Le film est constitué de quatre parties à l'intensité dramatique croissante.

L'unité de la première partie (la frivolité) est donnée par l'omniprésence des boucles d'oreilles. Elles sont, soit montrées, soit objet principal de la conversation des personnages dans onze scènes 1: Les préparatifs matinaux pour la vente, 2: La prière frivole pour la vente, 3: la vente, 4: La déclaration de perte au théâtre déclaration de perte, la recherche dans le carrosse, le gag des portes, la recherche à la maison, le mari susceptible , 5: La 1ère revente au mari du bijoutier, 6: le cadeau d'adieu à la maîtresse, 7: le coucher des époux, 8: le débarquement à Istanbul, 9: La perte des bijoux au jeu, 10 la mise en vente en Turquie, 11: le baron Donnati passe en douane avec les bijoux.

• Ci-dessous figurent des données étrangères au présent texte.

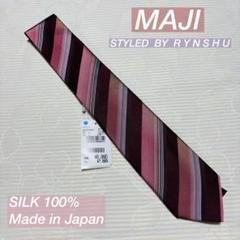 最終処分価格　アオキ　MAJI RYNSHU 日本製ネクタイ　ワインのサムネイル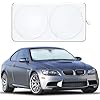 EcoNour – Parasol reflector para parabrisas de automóvil, protección para el interior, para un automóvil fresco, se adapta a sedanes pequeños, mini SUV y hatchbacks, mediano (64 x 32 pulgadas)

La scène du passage en douane indique bien la volonté d'Ophuls de toujours parler de ces boucles : en commençant son plan séquence par ces boucles, il confère à cette scène explicative une valeur symbolique qui en serait dépourvue autrement. Les bijoux symbolisent les échanges superficiels de la société. A noter aussi la séquence d'ouverture constituée de quatre plans qui saisie Madame de.. chez elle. Elle débute par un plan séquence de 2mn25, cadrant d'abord la main de Madame de... qui insecte bijoux et vêtements, puis, élargissement le champ par un recadrage à partir de son visage reflété par le miroir, saisit ensuite son cheminement vers la porte. Le second plan intègre une descente d'escalier avec un franchissement de porte, saisit au travers d'une vitre.

Les trois parties suivantes laisseront les bijoux à l'arrière plan pour développer le thème de la passion amoureuse. Dans la première scène, entre Le baron et Madame de.., il n'est plus question des bijoux. Lors de leur réapparition, ils auront changer de sens. Deux magnifiques plan séquences marquent cette partie : dans la chambre de Madame De.., et celui où elle monte les escaliers chez le bijoutier.

La seconde partie (le libertinage) est marquée par les scènes en fondu enchaîné des bals de plus en plus rapprochés dans lesquels se retrouvent les amants. Le dernier bal est l'occasion d'un panoramique qui préfigure la tragédie en isolant les amants.

La troisième partie qui décrit la passion amoureuse est l'occasion d'une scène où les petits mots déchirés se transforment en flocons de neige. Les rares extérieurs en Italie sont très efficaces, de même que le retour dans une calèche. La dernière partie débute par un magistral plan séquence partant du carton d'invitation pour finir par la valse des amants qui sera l'occasion du mensonge fatal.

Cette histoire d'un bijou, d'un mensonge et d'une passion est sans doute l'oeuvre la plus achevée de Ophuls pour l'équilibre qu'on y trouve entre le classicisme secret du cinéaste (goût pour les intrigues construites et bouclées, retenue et pudeur, sens de la litote) et baroquisme évident. C'est aussi le film d'Ophuls où les partis pris de mise en scène épousent le plus naturellement les idées et la vision du monde de l'auteur. Ophuls haïssait le plan fixe comme contraire à la vie et à la réalité et ce film n'en comporte pratiquement pas. Le mouvement qui anime chacune des séquences et l'ensemble de l'oeuvre contient en lui même la réponse que pose constamment l'univers de Ophuls : qu'est ce que la frivolité ? Qu'est ce que la gravité ? Ce mouvement les transforme l'une en l'autre comme il transforme les personnages à chaque instant de leur vie. C'est dans ce mouvement incessant mais qui jamais ne revient en arrière des corps, des impressions, des sentiments, des passions qu'Ophuls a vu la vérité, à la fois superficielle et tragique, de la condition humaine. Intrigue parfaite dans ses circonvolutions et sa netteté, dialogues ironiques et simples, d'une extrême qualité littéraire (adaptation du roman de Louise de Vilmorin), acteurs sensibles et raffinés, photo superbement contrastée, décors au foisonnement débouchant sur l'abstrait : jamais autant qu'ici Ophuls n'a dominé sa matière et livré un récit complètement détaché de lui et qui est en même temps une confession intime.